Using part \(i)\) of Theorem 3.1 in Magnus and Neudecker (1979), we can write

$$\begin{aligned} \mathbf {K}_{d^{p+1},d}&= \sum _{j=1}^d({\varvec{e}}_j^\top \otimes \mathbf{I}_{d^{p+1}}\otimes {\varvec{e}}_j)=\sum _{j=1}^d({\varvec{e}}_j^\top \otimes \mathbf{I}_{d^p}\otimes \mathbf{I}_d\otimes {\varvec{e}}_j)\\&= (\mathbf{I}_{d^p}\otimes \mathbf {K}_{d,d})\sum _{j=1}^d({\varvec{e}}_j^\top \otimes \mathbf{I}_{d^p}\otimes {\varvec{e}}_j\otimes \mathbf{I}_d)\\&= (\mathbf{I}_{d^p}\otimes \mathbf {K}_{d,d})(\mathbf {K}_{d^p,d}\otimes \mathbf{I}_d). \end{aligned}$$

The second equality for \(\mathbf {K}_{d^{p+1},d}\) follows similarly and the formulas for \(\mathbf {K}_{d,d^{p+1}}\) can be derived from the previous ones by noting that \(\mathbf {K}_{d,d^{p+1}}=\mathbf {K}_{d^{p+1},d}^\top \). \(\square \)

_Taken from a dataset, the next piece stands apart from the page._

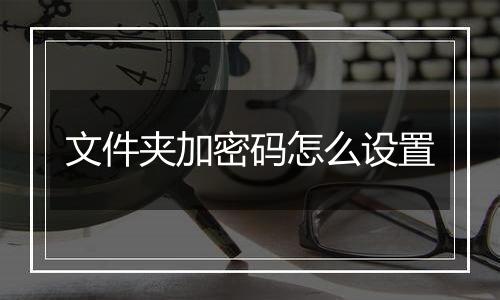 文件夹加密码怎么设置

Using the previous lemma we obtain a straightforward proof of Theorem 2.

Proof of Theorem 2

Using Lemma 3 for the first \(r-1\) terms in the definition of \(\mathbf {T}_{d,r+1}\), and the property that \((\mathbf {A}\mathbf {C})\otimes (\mathbf {B}\mathbf {D})=(\mathbf {A}\otimes \mathbf {B})(\mathbf {C}\otimes \mathbf {D})\), it follows that

$$\begin{aligned}&\!\!\!(r+1)\mathbf {T}_{d,r+1}\\&\quad =\sum _{j=1}^{r-1}(\mathbf{I}_{d^j}\otimes \mathbf {K}_{d^{r-j},d})(\mathbf{I}_{d^{j-1}}\otimes \mathbf {K}_{d,d^{r-j+1}})\\&\qquad +(\mathbf{I}_{d^{r-1}}\otimes \mathbf {K}_{d,d})+\mathbf{I}_{d^{r+1}}\\&\quad =\sum _{j=1}^{r-1}\big [\mathbf{I}_{d^j}\otimes \{(\mathbf{I}_{d^{r-j-1}}\otimes \mathbf {K}_{d,d})(\mathbf {K}_{d^{r-j-1},d}\otimes \mathbf{I}_d)\}\big ]\\&\qquad \times \big [\mathbf{I}_{d^{j-1}}\otimes \{(\mathbf {K}_{d,d^{r-j}}\otimes \mathbf{I}_d)(\mathbf{I}_{d^{r-j}}\otimes \mathbf {K}_{d,d})\}\big ]\\&\qquad +(\mathbf{I}_{d^{r-1}}\otimes \mathbf {K}_{d,d})+\mathbf{I}_{d^{r+1}}\\&\quad =(\mathbf{I}_{d^{r-1}}\otimes \mathbf {K}_{d,d})\\&\qquad \times \Big [\Big \{\sum _{j=1}^{r}(\mathbf{I}_{d^j}\otimes \mathbf {K}_{d^{r-j-1},d})(\mathbf{I}_{d^{j-1}}\otimes \mathbf {K}_{d,d^{r-j}})\Big \}\otimes \mathbf{I}_d\Big ]\\&\qquad \times (\mathbf{I}_{d^{r-1}}\otimes \mathbf {K}_{d,d})+(\mathbf{I}_{d^{r-1}}\otimes \mathbf {K}_{d,d})\\&\quad =(\mathbf{I}_{d^{r-1}}\otimes \mathbf {K}_{d,d})(r\mathbf {T}_{d,r}\otimes \mathbf{I}_d)(\mathbf{I}_{d^{r-1}}\otimes \mathbf {K}_{d,d})\\&\qquad +(\mathbf{I}_{d^{r-1}}\otimes \mathbf {K}_{d,d}), \end{aligned}$$

where the third equality makes use of \(\mathbf{I}_{d^p}\otimes \mathbf{I}_{d^q}=\mathbf{I}_{d^{p+q}}\). \(\square \)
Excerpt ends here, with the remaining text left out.